Task input:
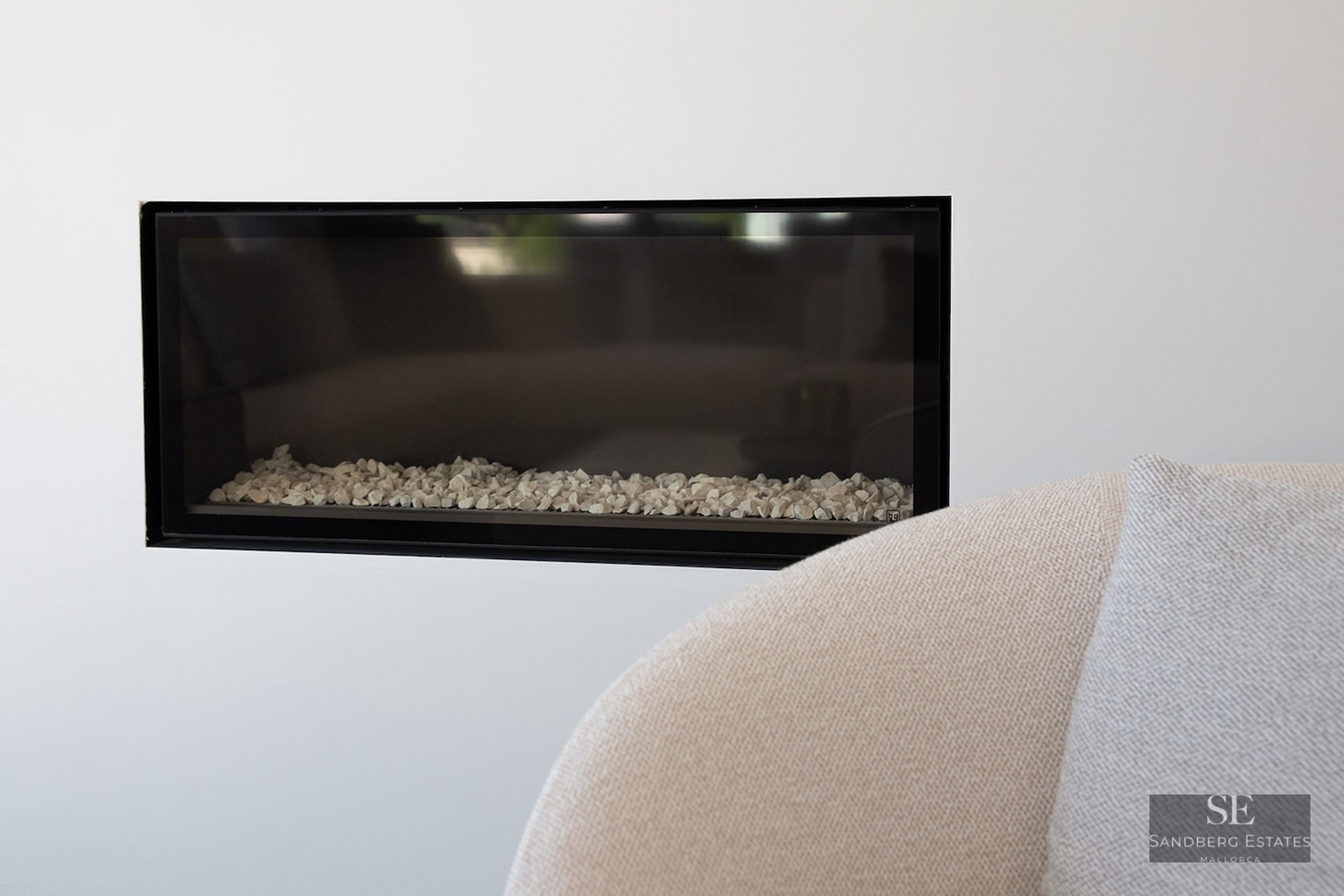 Close-up of a rectangular black-framed fireplace built into a white wall with white stones inside.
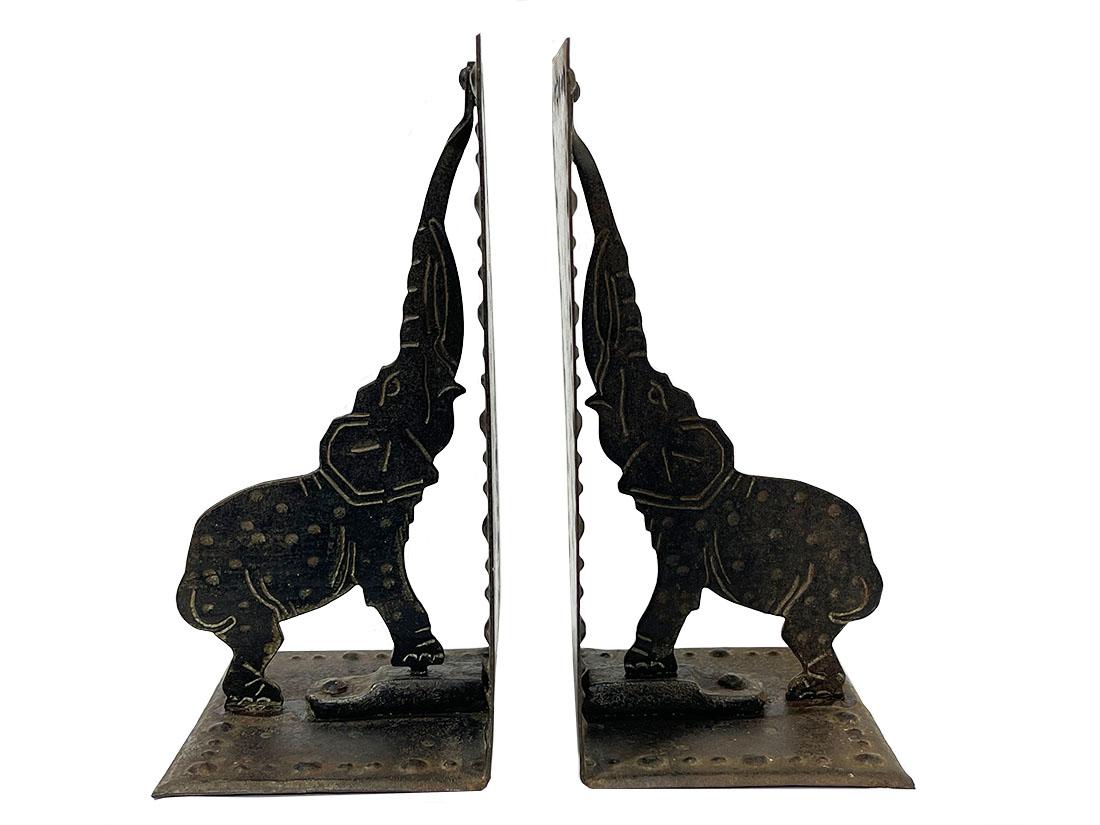 Goberg , Hugo Berger wrought iron bookends, Germany, circa 1910.

The Goberg brand is derived from the name of the maker Hugo Berger and had a workshop in Germany. He made many objects from wrought iron, such as tobacco boxes, cigar boxes,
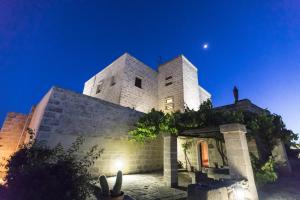 a large white building with a moon in the sky at Hotel Delle Cave in Favignana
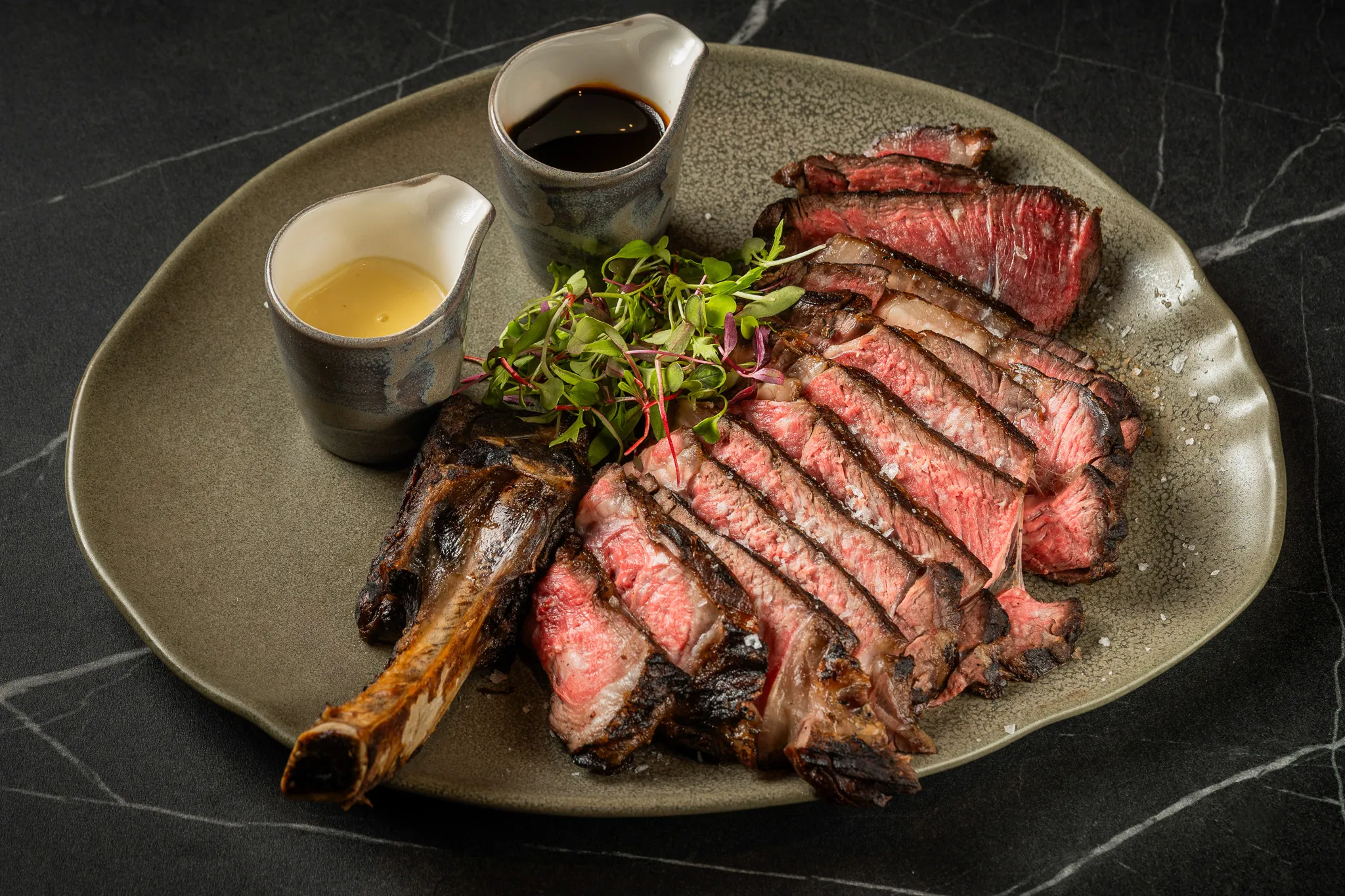 Sliced bone-in steak with greens and two sauce jugs on a ceramic platter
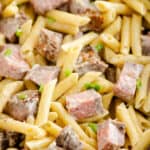 creamy leftover prime rib and penne pasta in skillet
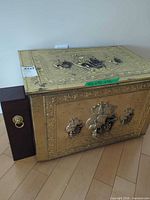 Front and top view of hammered brass trunk and adjacent wooden box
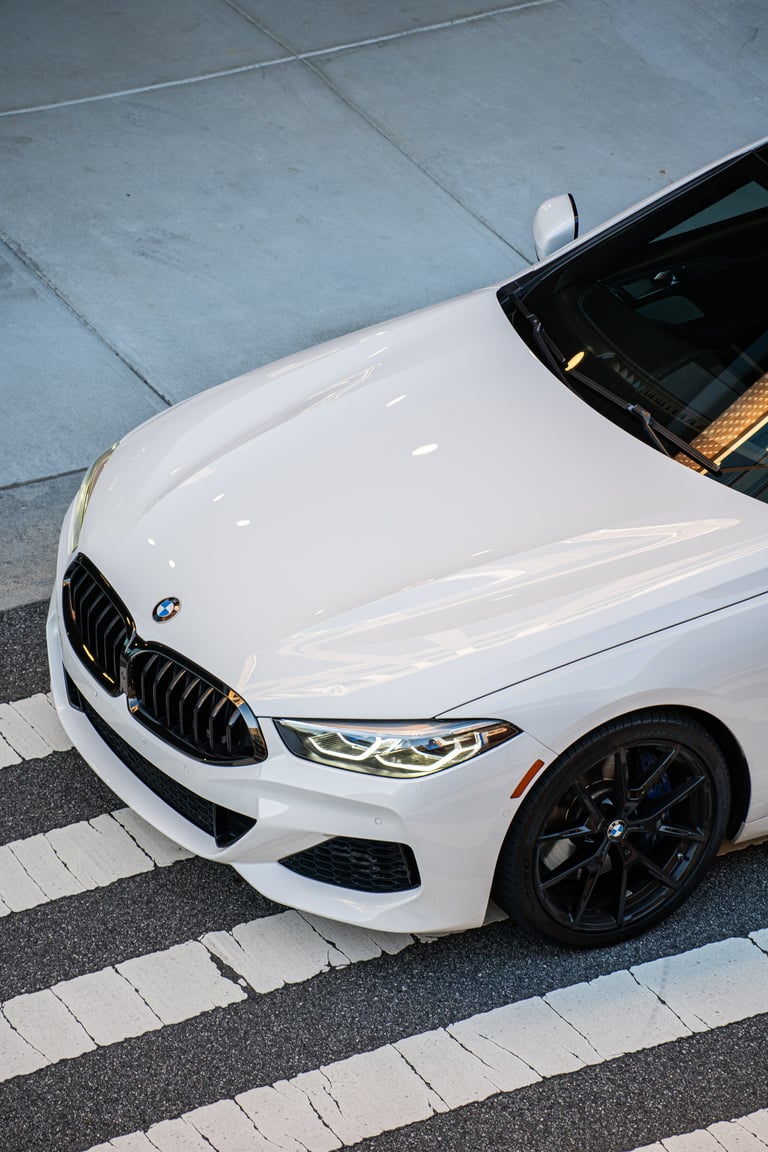 White BMW sedan parked on crosswalk with black grille and dark alloy wheels, overhead view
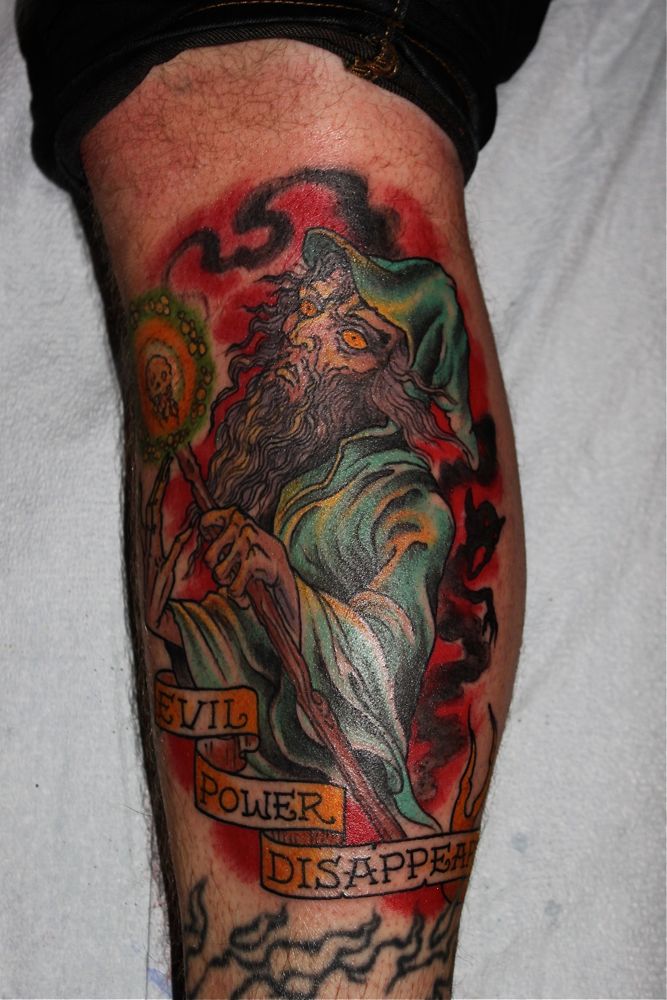 Evil Power Disappear Wizard Tattoo On Leg by Chris Nunez.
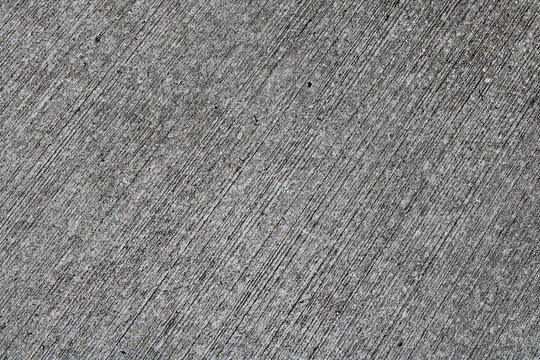 A full-frame minimalist background texture featuring grey broom-finished concrete with fine parallel lines running diagonally.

Exercise directions: Print the lines from the beginning of the records up to and including the line containing "Goberg , Hugo", word for word, with no pictures.

Reply to the exercise:
 Close-up of a rectangular black-framed fireplace built into a white wall with white stones inside.
 Goberg , Hugo Berger wrought iron bookends, Germany, circa 1910.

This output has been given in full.